22. Oktober, 2024

Politik

Scholz trifft Milei: Mahnung zur Sozialverträglichkeit und Freihandelsabkommen

Scholz trifft Milei: Mahnung zur Sozialverträglichkeit und Freihandelsabkommen

Ein Treffen der besonderen Art fand am Sonntag im Kanzleramt statt, als Bundeskanzler Olaf Scholz den argentinischen Präsidenten Javier Milei empfing. Der exzentrische Staatschef, bekannt für seine ultraliberalen Ansichten und unkonventionellen Auftritte, erhielt von Scholz mahnende Worte zur Sozialverträglichkeit seiner Sparmaßnahmen. Regierungssprecher Steffen Hebestreit betonte, dass der Schutz des gesellschaftlichen Zusammenhalts ein wesentlicher Maßstab für die harten Einsparungen Mileis sein sollte.

Milei, ein bekennender Gegner sozialer Sicherungssysteme, setzt auf radikale Reformen, um Argentinien aus der schweren wirtschaftlichen Rezession zu führen. Sein Mantra 'Der Staat ist nicht die Lösung, sondern das Problem' prägte den Wahlkampf des Präsidenten, der sogar mit einer heulenden Kettensäge auftrat. Eine geplante gemeinsame Pressekonferenz und der Empfang mit militärischen Ehren wurden auf Mileis Wunsch hin abgesagt, sodass das Treffen auf ein einstündiges Gespräch und einen kurzen Fototermin beschränkt blieb.

Unterdessen versammelten sich vor dem Kanzleramt mehrere Dutzend Demonstranten, die mit Plakaten und Sprechchören gegen Mileis Besuch protestierten und ihren Unmut über dessen radikalen Sparkurs kundtaten.
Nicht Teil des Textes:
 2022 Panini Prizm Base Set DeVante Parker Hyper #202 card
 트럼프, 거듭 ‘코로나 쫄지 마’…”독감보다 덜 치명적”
Argentinien leidet unter einem organischen Niedergang der Wirtschaftsleistung, wie der Internationale Währungsfonds (IWF) mit einem prognostizierten Rückgang von 2,8 Prozent in diesem Jahr bestätigt. Beinahe 56 Prozent der Bevölkerung leben unter der Armutsgrenze, 18 Prozent davon in extremer Armut.

Im Verlauf des Gesprächs drängten Scholz und Milei auf einen zügigen Abschluss des EU-Mercosur-Abkommens, das seit 25 Jahren in Verhandlung steht. Die Umsetzung der Grundsatzeinigung von 2019 wird allerdings durch Bedenken, etwa beim Regenwaldschutz, verzögert. Einigkeit herrschte auch bezüglich des russischen Angriffskriegs gegen die Ukraine. Beide Staatschefs betonten, dass es in der Verantwortung Russlands liege, den Krieg zu beenden.

Javier Milei, oft mit dem früheren US-Präsidenten Donald Trump verglichen, trat bei seinem Besuch in Deutschland überraschend zurückhaltend auf. Nach einem Auftritt in Hamburg, bei dem er von der Friedrich August von Hayek-Gesellschaft ausgezeichnet wurde, und während seiner Teilnahme an verschiedenen Terminen in Anwesenheit politisch rechtskonservativer Persönlichkeiten, gab er sich ungewohnt mild.

Abseits der politischen Gespräche widmete Milei sein Interesse auch dem Gedenken an die Opfer des Holocaust. Beim Besuch des Holocaustmahnmals in Berlin zeigte er eine tiefere, nachdenkliche Seite. Milei, der laut eigenen Angaben ein Faible für das Judentum hat, positioniert sich auch als entschlossener Verbündeter Israels, insbesondere in Zeiten des Gaza-Kriegs.

Vor dem Treffen mit Scholz hatten nur wenige Staatsoberhäupter Milei empfangen, darunter Benjamin Netanjahu, Giorgia Meloni, Nayib Bukele und Papst Franziskus. Reisen zu Nachbarländern wie Brasilien und Chile ließ Milei aufgrund ideologischer Differenzen ausfallen. Stattdessen konzipierte er seine USA-Aufenthalte um Treffen mit Persönlichkeiten wie Elon Musk und Donald Trump, jedoch ohne einen Termin im Weißen Haus.